# NIXL Multi-Rail Benchmarks

This tutorial covers production-grade RDMA benchmarking using NIXL (NVIDIA Inference Xfer Library) with multi-rail support.

**Prerequisites:**
- Completed [02_Multi_Rail_Tutorial.ipynb](02_Multi_Rail_Tutorial.ipynb) for network setup
- Two DGX Spark nodes with RoCE connectivity
- NIXL installed with nixlbench built

**What you'll learn:**
- Using nixlbench for DRAM and VRAM transfers
- Multi-rail performance with UCX backend
- Comparing single-threaded vs multi-threaded benchmarks
- Parsing and visualizing benchmark results

## Part 1: Setup

In [None]:
# Configuration
import subprocess

def run_cmd(cmd):
    result = subprocess.run(cmd, shell=True, capture_output=True, text=True)
    return result.stdout + result.stderr

# Network configuration (update for your environment)
LOCAL_IP = "192.168.100.11"   # This node (initiator)
REMOTE_IP = "192.168.100.10"  # Target node

print(f"Local IP:  {LOCAL_IP}")
print(f"Remote IP: {REMOTE_IP}")

## Part 2: NIXL Multi-Rail Architecture

NIXL (NVIDIA Inference Xfer Library) provides production-grade RDMA capabilities with multi-rail support. Unlike basic tools like `ib_write_bw`, NIXL includes thread management, memory pooling, and multi-rail aggregation built for real inference workloads.

### Architecture

NIXL coordinates distributed benchmarks using ETCD:
- Worker processes register with ETCD
- One node acts as initiator (sender), one as target (receiver)
- Supports UCX, GPUNetIO, Mooncake, and Libfabric backends
- Measures DRAM-to-DRAM and VRAM-to-VRAM transfers
- Multi-rail automatically aggregates both RoCE links

### Prerequisites: Start ETCD Server

NIXL requires ETCD for coordination. Start it on one node (typically the target/receiver).

In [None]:
# Start ETCD server (run on target node)
# This runs in background and provides coordination
etcd_cmd = """
docker run -d --name etcd-server \\
  --network host \\
  quay.io/coreos/etcd:v3.5.18 \\
  /usr/local/bin/etcd \\
  --data-dir=/etcd-data \\
  --listen-client-urls=http://0.0.0.0:2379 \\
  --advertise-client-urls=http://0.0.0.0:2379 \\
  --listen-peer-urls=http://0.0.0.0:2380 \\
  --initial-advertise-peer-urls=http://0.0.0.0:2380 \\
  --initial-cluster=default=http://0.0.0.0:2380
"""

print("Starting ETCD server...")
print("Run this command on the target node:")
print(etcd_cmd)
print("\nVerify ETCD is running:")
print("curl http://localhost:2379/version")

### Build nixlbench

First, ensure nixlbench is built and available.

In [None]:
# Check if nixlbench is available
nixlbench_path = "/usr/local/nixlbench/bin/nixlbench"

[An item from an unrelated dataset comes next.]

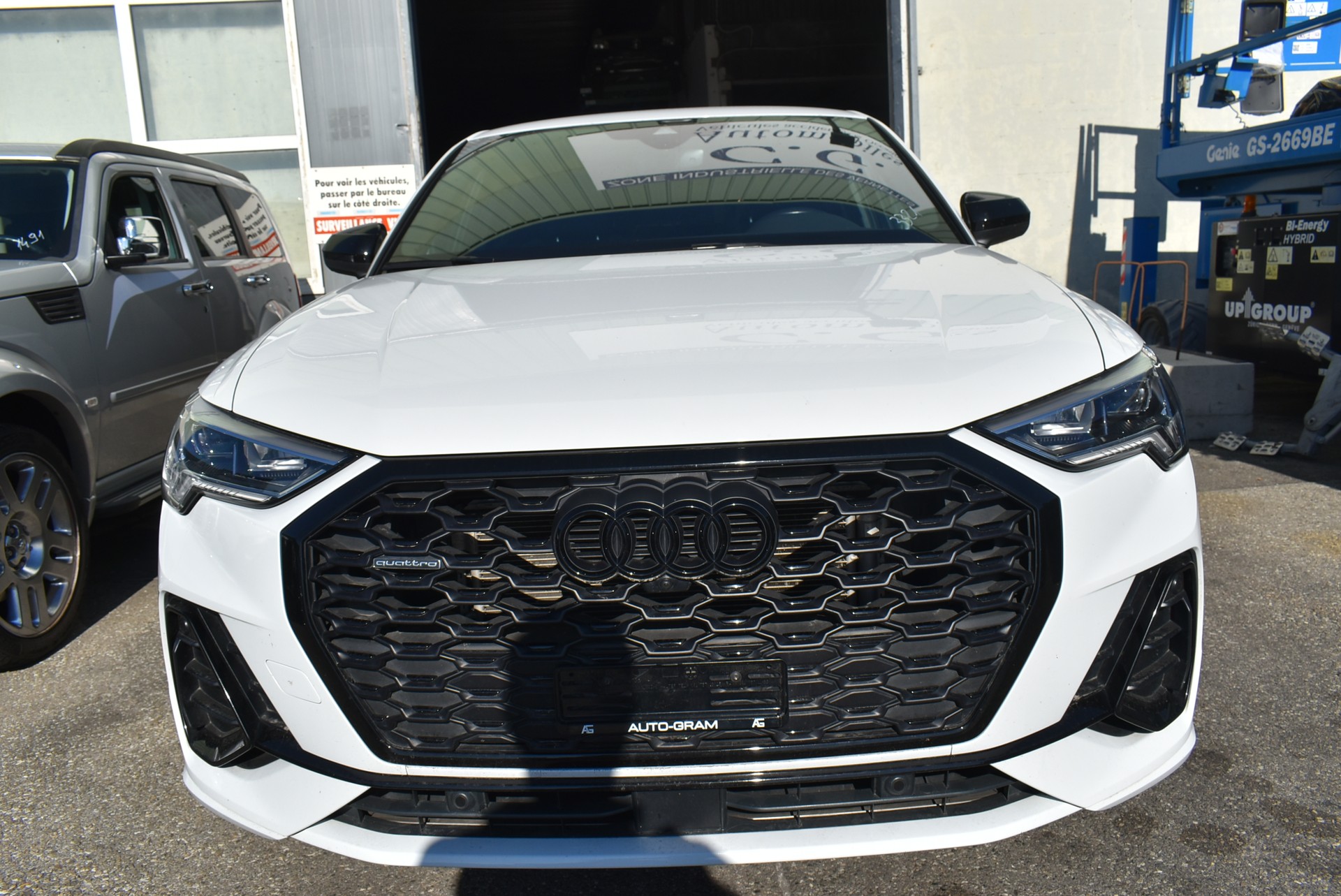 AUDI Q3 Sportback 35 TDI S line quattro S-tronic-image-5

# Alternative: If built in source tree
# nixlbench_path = "/path/to/nixl/benchmark/nixlbench/build/nixlbench"

import os
if os.path.exists(nixlbench_path):
    print(f"✓ nixlbench found at {nixlbench_path}")
    print(run_cmd(f"{nixlbench_path} --help | head -20"))
else:
    print(f"✗ nixlbench not found at {nixlbench_path}")
    print("\nBuild instructions:")
    print("cd /path/to/nixl/benchmark/nixlbench")
    print("meson setup build --prefix=/usr/local/nixlbench")
    print("cd build && ninja && sudo ninja install")

## Part 3: DRAM-to-DRAM Benchmarks

Test CPU memory transfer over dual 100G links using UCX backend.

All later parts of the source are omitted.